● **WORK INSTRUCTIONS**
Nothing outside the range below should be printed. Output exactly the lines from the line with "Dwóch mężczyzn pracuje" to the line with "a kitchen with", both included.

** Opening RECORDS FOR THE EXERCISE block **

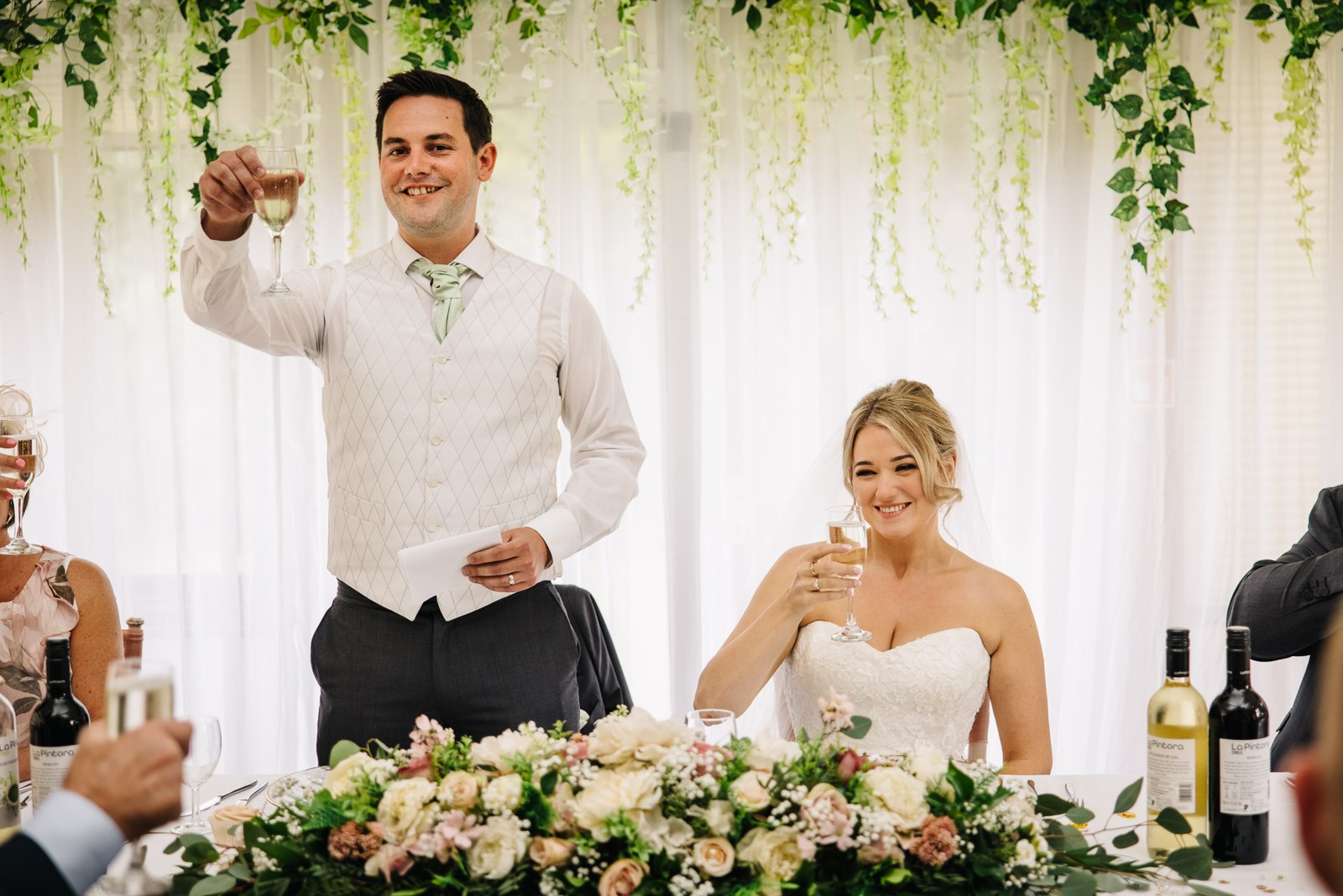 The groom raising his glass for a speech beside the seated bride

** Closing RECORDS FOR THE EXERCISE block **
** Opening RECORDS FOR THE EXERCISE block **

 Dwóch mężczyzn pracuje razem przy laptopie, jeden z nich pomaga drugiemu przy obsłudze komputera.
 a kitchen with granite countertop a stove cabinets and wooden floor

** Closing RECORDS FOR THE EXERCISE block **

● **ANSWER BOX**
 Dwóch mężczyzn pracuje razem przy laptopie, jeden z nich pomaga drugiemu przy obsłudze komputera.
 a kitchen with granite countertop a stove cabinets and wooden floor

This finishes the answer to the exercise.